Effect of environmental factors on negative plant-soil feedback in a subtropical forest

Background/Question/Methods

Recent studies have provided strong evidence that the density- or distance-dependent mortality plays an important role in the maintenance of plant diversity. The mechanisms have remained speculative and it was thought that a soil-plant feedback system was responsible for this effect. Our recent studies have confirmed that soil fungi are in fact responsible for this negative plant-soil feedback system and that these fungi are host-specific. However, less is known about how environmental factors such as soil temperature and humidity might influence the negative plant-soil feedback caused by soil pathogens in the forest type ecosystems. Here we conducted a greenhouse experiment to determine whether the magnitude of negative feedback was affected by environmental factors and whether the effect differs between intermediate trees and shade-intolerant trees.
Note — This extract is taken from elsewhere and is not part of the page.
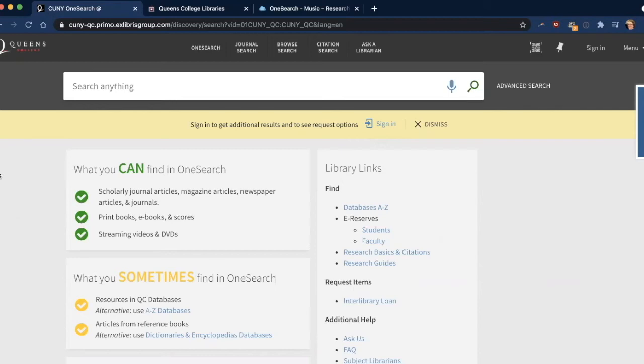Hi, today we're here to talk about OneSearch and how to use it. OneSearch searches most resources available in the Queen's College Library. It is, in a sense, OneSearch to rule them all, but not quite.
Two dominant species in a subtropical forest were selected, Cryptocarya concinna is an intermediate tree while Schima superba is a shade-intolerant tree. The negative plant-soil feedback was determined by comparing performance in the sterilized and non-sterilized soils. In order to test the impact of environmental factors and seed density on the negative plant-soil feedback interactions, the experiment was performed at two soil temperatures treatment, two soil humidity and two seed density level alternately.

Results/Conclusions

The impact of soil temperature on negative plant-soil feedback strength occurred mainly in the seed germination and the seedling survival phase, while the impact of soil humidity in the seedling growth phase. Soil respiration and the feedback strength of both species were greater in high temperature than that in low temperature, and the two species had different response to the soil humidity. The intermediate tree Cryptocarya concinna had greater soil respiration and stronger feedback strength in high soil humidity, while the shade-intolerant tree Schima superba had greater soil respiration and stronger feedback strength in low soil humidity. For both species, there was stronger feedback strength in high seed density than that in low seed density. Cryptocarya concinna were vulnerable to pathogens in hot and moist environment of the understory, its seedling mortality was increased in forest understory. Schima superba were easily injured by pathogens in the hot and dry environment of gap, its seedling mortality was high in forest gap. The negative plant-soil feedback limited the seed-to-seedling recruitment and then promoting the species coexistence.